─── PROVIDED DATA ───
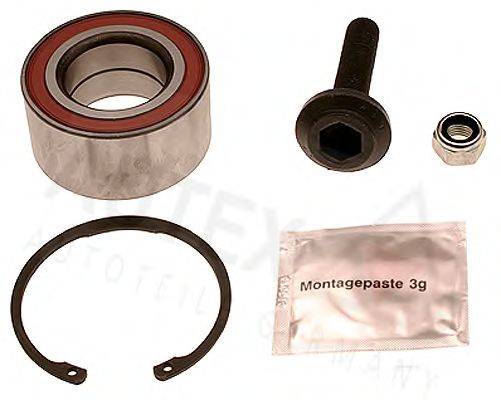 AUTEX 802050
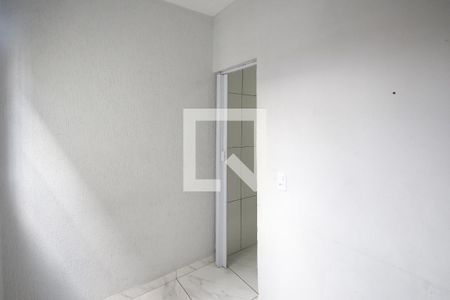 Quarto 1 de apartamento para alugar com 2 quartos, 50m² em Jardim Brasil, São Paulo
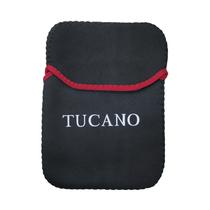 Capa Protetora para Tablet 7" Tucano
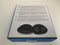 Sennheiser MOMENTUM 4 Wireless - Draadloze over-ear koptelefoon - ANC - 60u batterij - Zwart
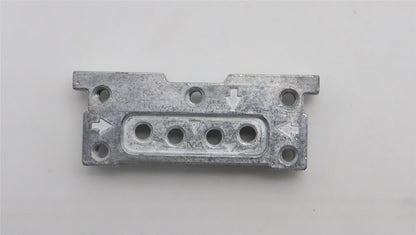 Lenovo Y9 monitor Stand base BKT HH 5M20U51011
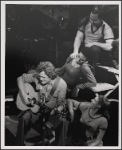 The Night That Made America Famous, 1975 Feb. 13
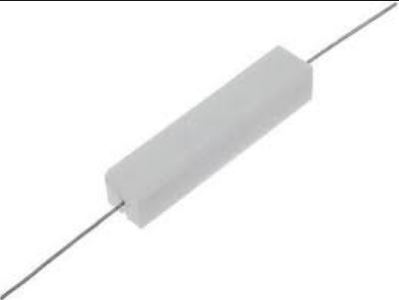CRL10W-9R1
───
[EXERCISE REQUIREMENTS]:
Please retype, exactly and with the pictures left out, the lines from the line containing "Lenovo Y9 monitor" through the last line of the records above.

[REPLY]:
 Lenovo Y9 monitor Stand base BKT HH 5M20U51011
 The Night That Made America Famous, 1975 Feb. 13
CRL10W-9R1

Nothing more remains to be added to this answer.